AeroGrab: A Unified Framework for Aerial Grasping in Cluttered Environments
This work addresses the challenge of aerial manipulation for robotics in cluttered settings, representing an incremental improvement by integrating existing components into a complete end-to-end system.
The paper tackles the problem of reliable aerial grasping in cluttered environments by developing an integrated pipeline that combines active exploration, grasp generation, and collision-aware feasibility evaluation, resulting in robust and reliable grasp execution in real-world scenarios.
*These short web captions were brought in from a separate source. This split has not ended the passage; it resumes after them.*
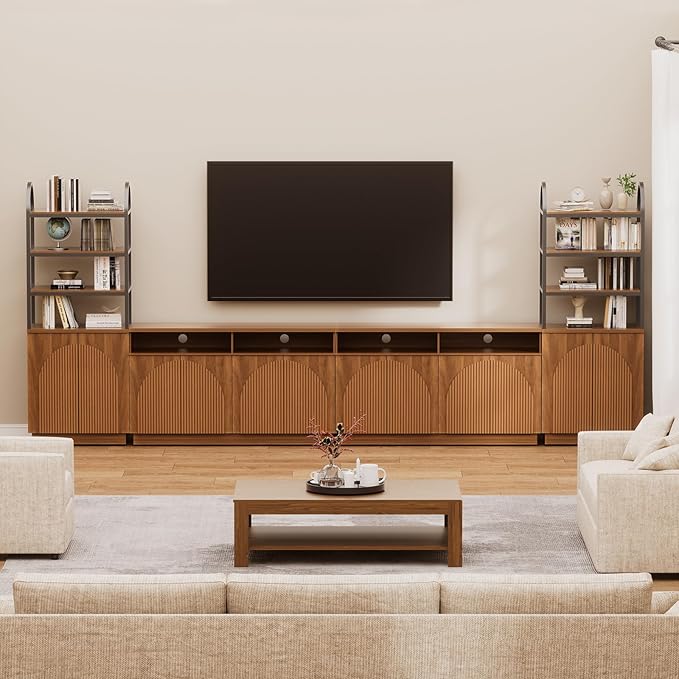 Yechen 165" Modular Entertainment Center with Bookshelves for up to 98", Mid Century Modern TV Stand with Storage, TV Cabinet with Open Shelves and Adjustable Shelves, Living Room, Walnut Oak(4 PCS)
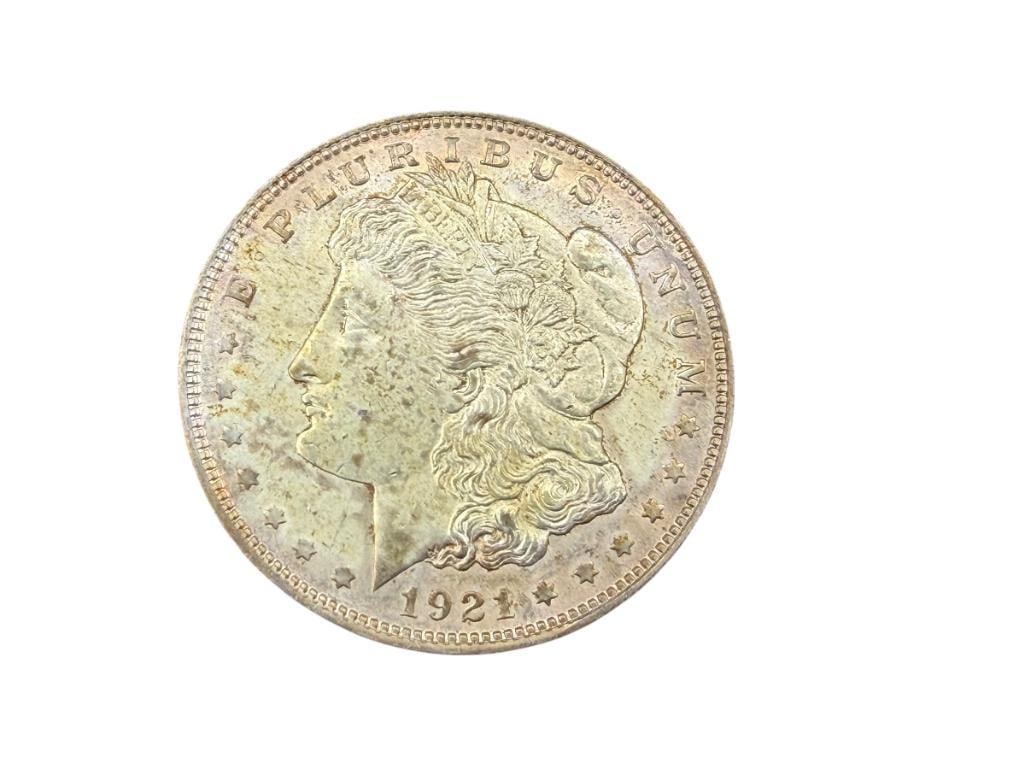 1921 U.S. MORGAN SILVER DOLLAR AU: 90% SILVER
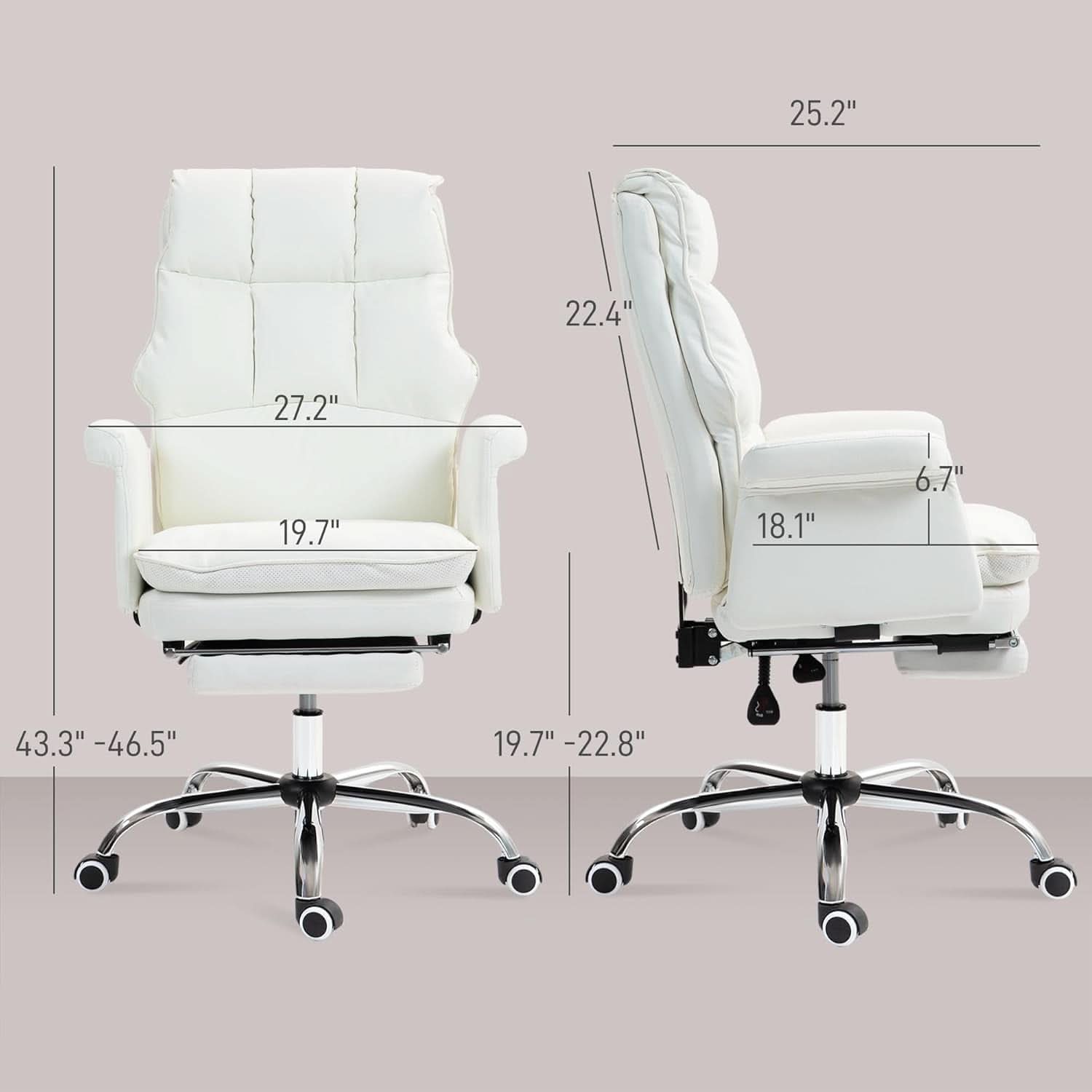 Executive Office Chair White With Footrest Ergonomic Design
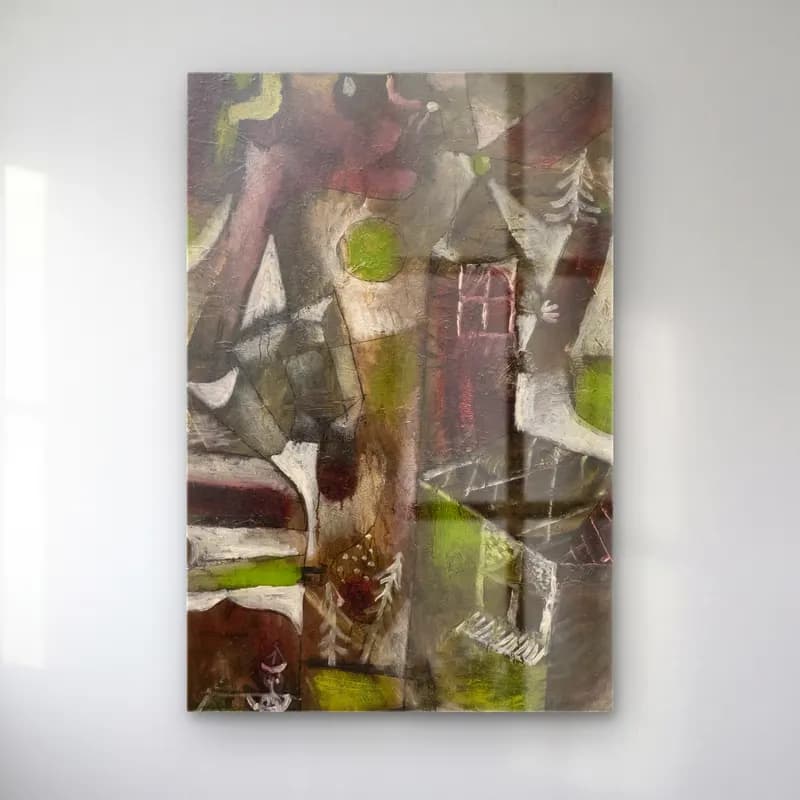Paul Klee – Swamp Legend cam tablo — Paul Klee – Swamp Legend — modern soyut köy sokağı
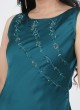 Rama Green Festive A-Line Kurti In Satin Silk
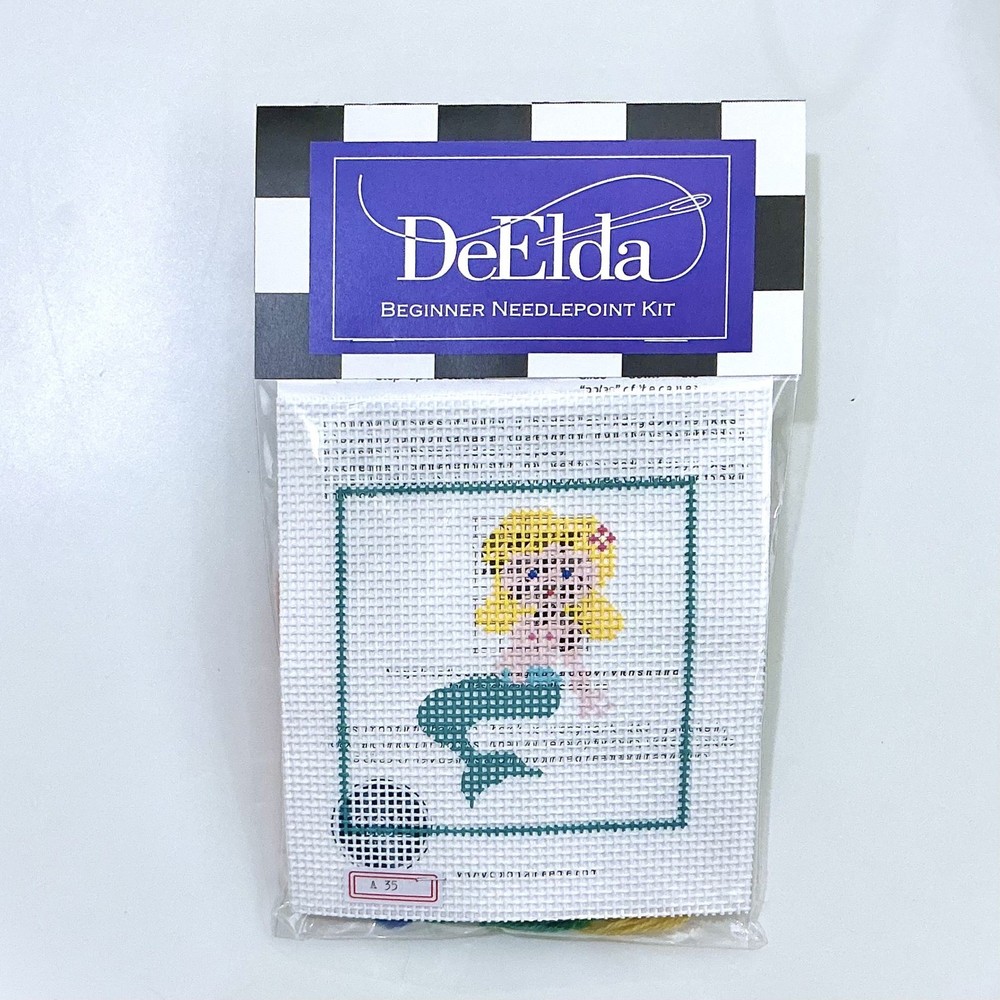 Hand painted Needlepoint Canvas Kit Beginner Easy to see 10 count Mermaid beach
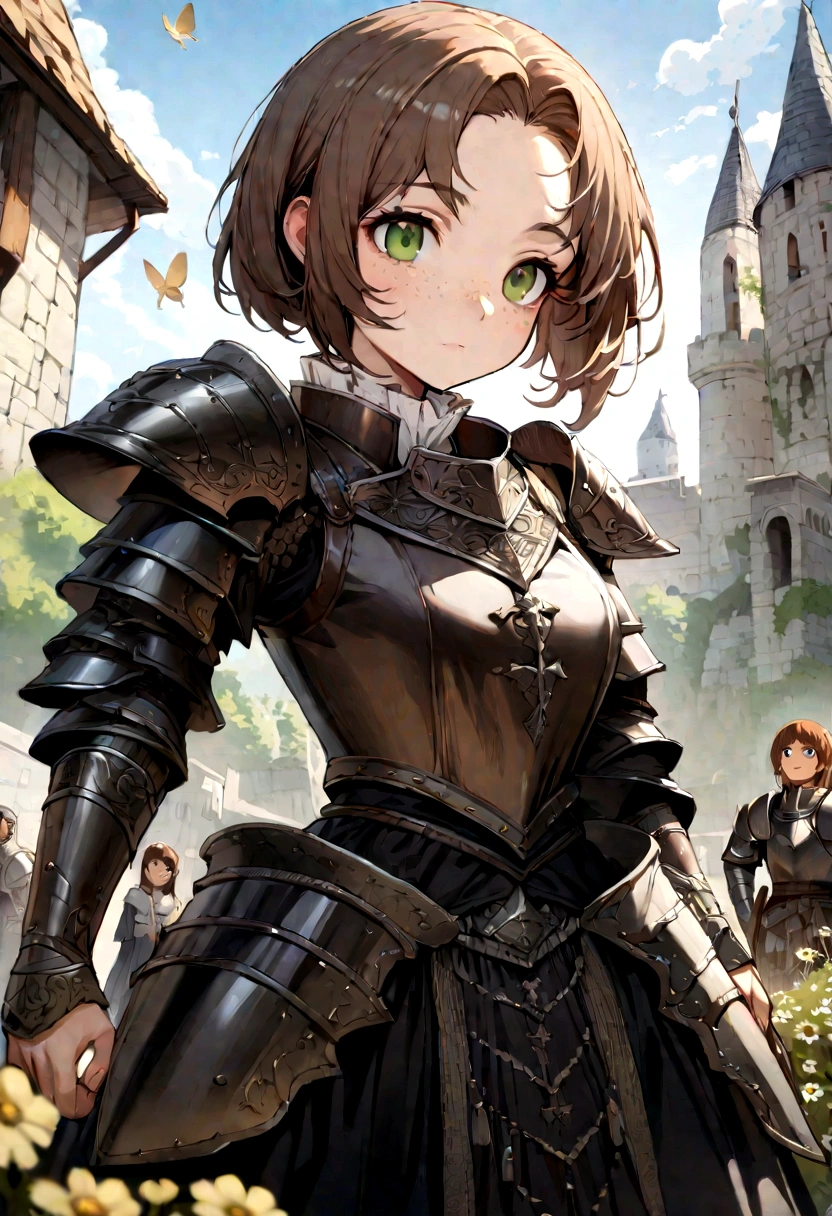 Masterpiece, hyper detailed, 1girl, teen , smiley face, freckles, wide forehead, big eyes, green eyes, short bowl haircut, brown hair BREAK very intricate detailed medieval armor shiny with big shoulder defense, no helmet BREAK standing in middle camomile plain, butterfly's flying around, sunny day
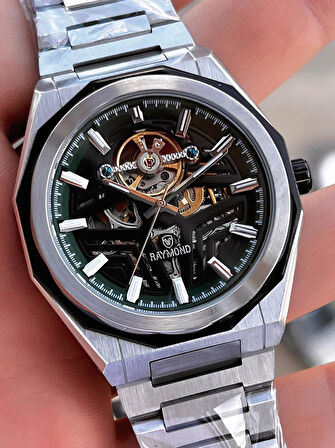 Raymond Çelik Kordon Otomatik Mekanizma 2 Yıl Garantil 5 Atm Erkek Kol Saati+Bileklik RMD.11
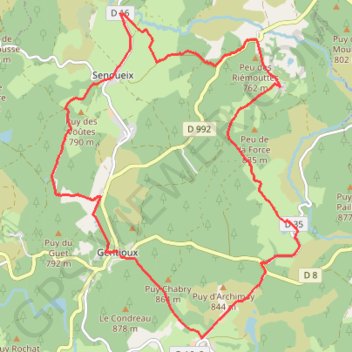 Itinéraire Circuit au Nord Est de Gentioux-Pigerolles, distance, dénivelé, altitude, carte, profil, trace GPS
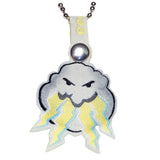 A necklace with an Under the Weather eeensy Charms - Blind Box charm by Squibbles Ink + Rotofugi (US).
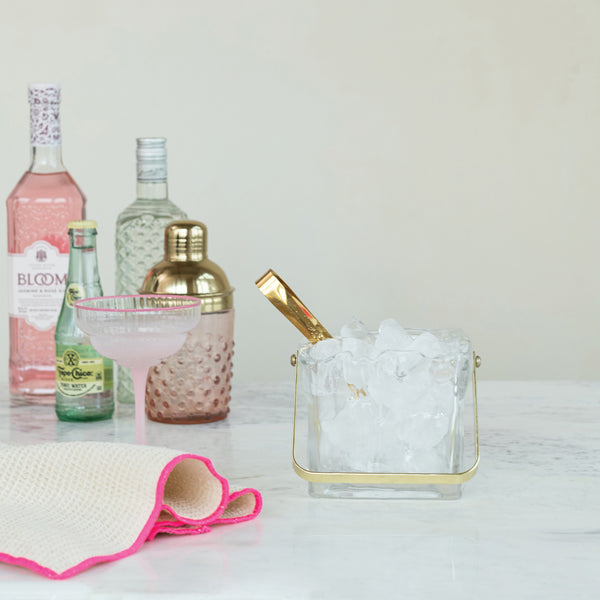 Textured Glass Ice Bucket with Tongs, 24 oz.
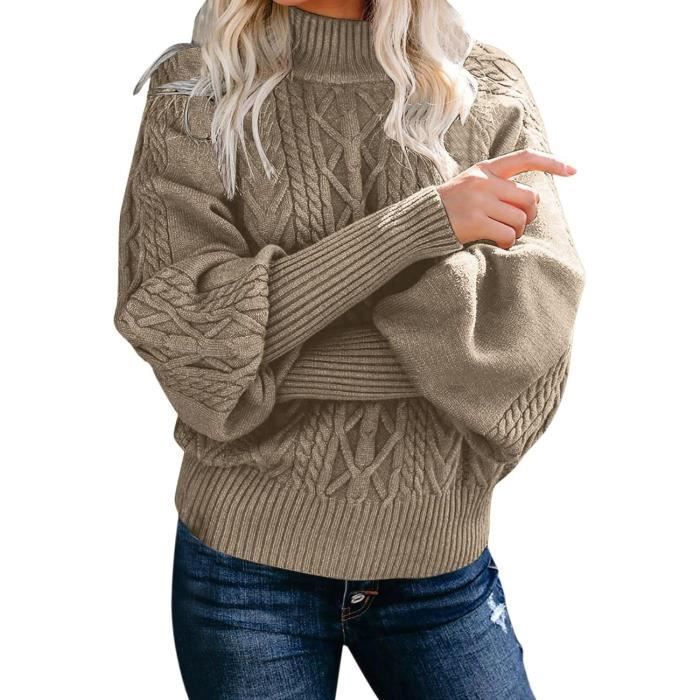 Pull en Laine Femme Col Roule Automne Hiver Kaki CHANDAIL Tricot Decontracte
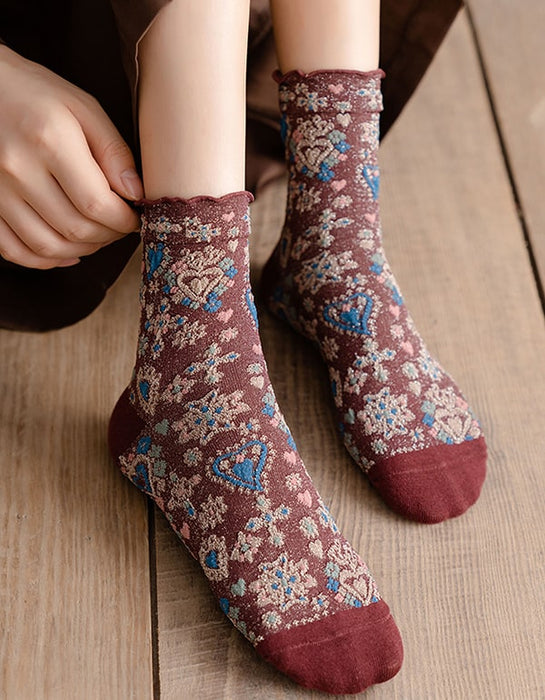 2 Pairs Shining Vintage Floral Cotton Socks Accessories 25.00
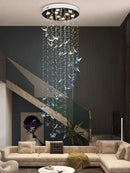 Axyaa Crystals Pendant Light - Minimalist Indoor Hanging Chandelier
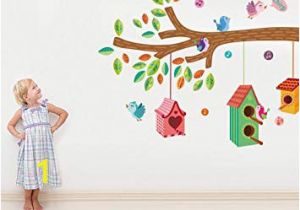 Are Wall Murals Tacky Bibitime 3 Bird Houses Hang On A Tree Branch Wall Decal Sticker Decor Decals Vinyl Mural for Living Room Bedroom Livingroom Diy Size 47 24 43 31 In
Reliable aerial grasping in cluttered environments remains challenging due to occlusions and collision risks. Existing aerial manipulation pipelines largely rely on centroid-based grasping and lack integration between the grasp pose generation models, active exploration, and language-level task specification, resulting in the absence of a complete end-to-end system. In this work, we present an integrated pipeline for reliable aerial grasping in cluttered environments. Given a scene and a language instruction, the system identifies the target object and actively explores it to gain better views of the object. During exploration, a grasp generation network predicts multiple 6-DoF grasp candidates for each view. Each candidate is evaluated using a collision-aware feasibility framework, and the overall best grasp is selected and executed using standard trajectory generation and control methods. Experiments in cluttered real-world scenarios demonstrate robust and reliable grasp execution, highlighting the effectiveness of combining active perception with feasibility-aware grasp selection for aerial manipulation.